Transgenic Expression of Human CD47 Markedly Increases Engraftment in a Murine Model of Pig-to-Human Hematopoietic Cell Transplantation

Mixed chimerism approaches for induction of tolerance of solid organ transplants have been applied successfully in animal models and in the clinic. However, in xenogeneic models (pig-to-primate), host macrophages participate in the rapid clearance of porcine hematopoietic progenitor cells, hindering the ability to achieve mixed chimerism. CD47 is a cell-surface molecule that interacts in a species-specific manner with SIRP receptors on macrophages to inhibit phagocytosis and expression of human CD47 (hCD47) on porcine cells has been shown to inhibit phagocytosis by primate macrophages. We report here the generation of hCD47 transgenic GalT-KO miniature swine that express hCD47 in all blood cell lineages. The effect of hCD47 expression on xenogeneic hematopoietic engraftment was tested in an in vivo mouse model of human hematopoietic cell engraftment. High-level porcine chimerism was observed in the bone marrow of hCD47 progenitor cell recipients and smaller but readily measurable chimerism levels were observed in the peripheral blood of these recipients. In contrast, transplantation of WT progenitor cells resulted in little or no bone marrow engraftment and no detectable peripheral chimerism.
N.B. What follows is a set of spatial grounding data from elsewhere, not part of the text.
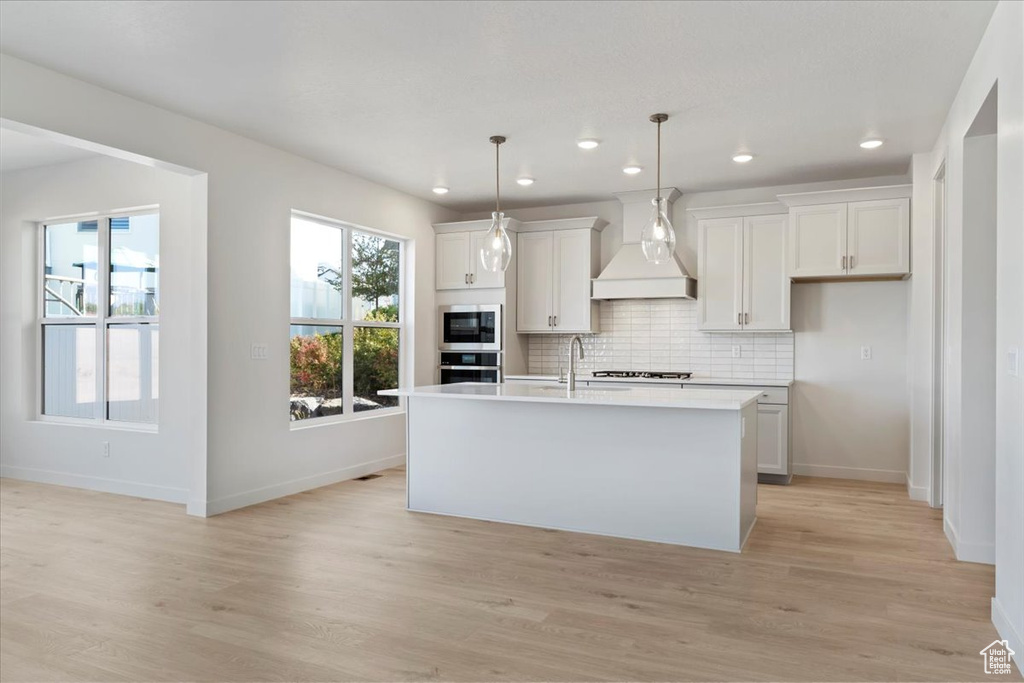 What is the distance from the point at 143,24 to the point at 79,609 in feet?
8.55

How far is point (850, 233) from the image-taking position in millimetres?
5562

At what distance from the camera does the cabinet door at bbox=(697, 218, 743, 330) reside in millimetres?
6078

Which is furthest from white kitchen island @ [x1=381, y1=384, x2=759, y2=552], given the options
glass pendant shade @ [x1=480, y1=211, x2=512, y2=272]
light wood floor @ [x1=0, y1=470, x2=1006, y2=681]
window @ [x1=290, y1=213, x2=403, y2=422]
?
window @ [x1=290, y1=213, x2=403, y2=422]

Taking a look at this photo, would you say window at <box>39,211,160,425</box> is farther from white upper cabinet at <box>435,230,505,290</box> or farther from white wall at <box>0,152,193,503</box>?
white upper cabinet at <box>435,230,505,290</box>

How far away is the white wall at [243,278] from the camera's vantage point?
13.7 ft

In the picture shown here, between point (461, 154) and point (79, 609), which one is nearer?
point (79, 609)

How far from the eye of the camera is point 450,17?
3.06 meters

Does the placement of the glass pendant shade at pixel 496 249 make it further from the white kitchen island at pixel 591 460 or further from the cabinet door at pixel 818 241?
the cabinet door at pixel 818 241

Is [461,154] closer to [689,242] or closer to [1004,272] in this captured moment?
[689,242]

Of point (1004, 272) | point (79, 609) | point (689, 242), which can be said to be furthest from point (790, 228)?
point (79, 609)

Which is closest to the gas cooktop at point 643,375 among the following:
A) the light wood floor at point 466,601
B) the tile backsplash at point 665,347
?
the tile backsplash at point 665,347

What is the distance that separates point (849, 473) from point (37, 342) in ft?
23.3

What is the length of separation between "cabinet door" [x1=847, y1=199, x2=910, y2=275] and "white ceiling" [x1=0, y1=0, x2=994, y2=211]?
15.8 inches

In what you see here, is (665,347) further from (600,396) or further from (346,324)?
(346,324) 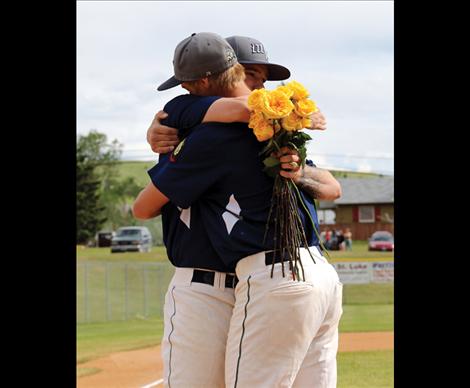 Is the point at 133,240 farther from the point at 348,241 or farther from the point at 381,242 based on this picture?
the point at 381,242

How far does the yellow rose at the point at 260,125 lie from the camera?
285 centimetres

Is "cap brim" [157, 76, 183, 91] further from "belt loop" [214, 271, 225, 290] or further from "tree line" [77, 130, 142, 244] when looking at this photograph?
"tree line" [77, 130, 142, 244]

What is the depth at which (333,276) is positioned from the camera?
3.01m

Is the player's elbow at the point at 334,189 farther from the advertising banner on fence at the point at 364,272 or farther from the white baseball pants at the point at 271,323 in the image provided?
the advertising banner on fence at the point at 364,272

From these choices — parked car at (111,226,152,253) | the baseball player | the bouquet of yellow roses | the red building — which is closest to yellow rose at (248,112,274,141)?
the bouquet of yellow roses

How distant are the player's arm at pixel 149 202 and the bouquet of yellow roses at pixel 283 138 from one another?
47 centimetres

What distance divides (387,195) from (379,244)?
24.9ft

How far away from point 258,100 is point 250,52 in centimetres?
60

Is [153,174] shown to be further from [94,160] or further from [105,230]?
[94,160]

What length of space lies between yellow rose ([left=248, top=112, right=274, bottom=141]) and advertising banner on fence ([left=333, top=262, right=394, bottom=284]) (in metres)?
21.4

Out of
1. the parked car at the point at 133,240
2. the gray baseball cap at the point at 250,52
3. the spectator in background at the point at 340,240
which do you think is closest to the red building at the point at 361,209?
the spectator in background at the point at 340,240

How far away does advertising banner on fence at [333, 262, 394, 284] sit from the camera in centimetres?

These results demonstrate a substantial protective effect of hCD47 expression on engraftment and persistence of porcine cells in this model, presumably by modulation of macrophage phagocytosis. The authors demonstrate that hematopoietic stem and progenitor cells from transgenic swine expressing human CD47 show increased engraftment in a mouse model of pig-to-human hematopoietic cell transplantation, suggesting that this genetic modification may provide a helpful addition to protocols designed toward inducing tolerance of pig-to-primate xenotransplants through mixed chimerism.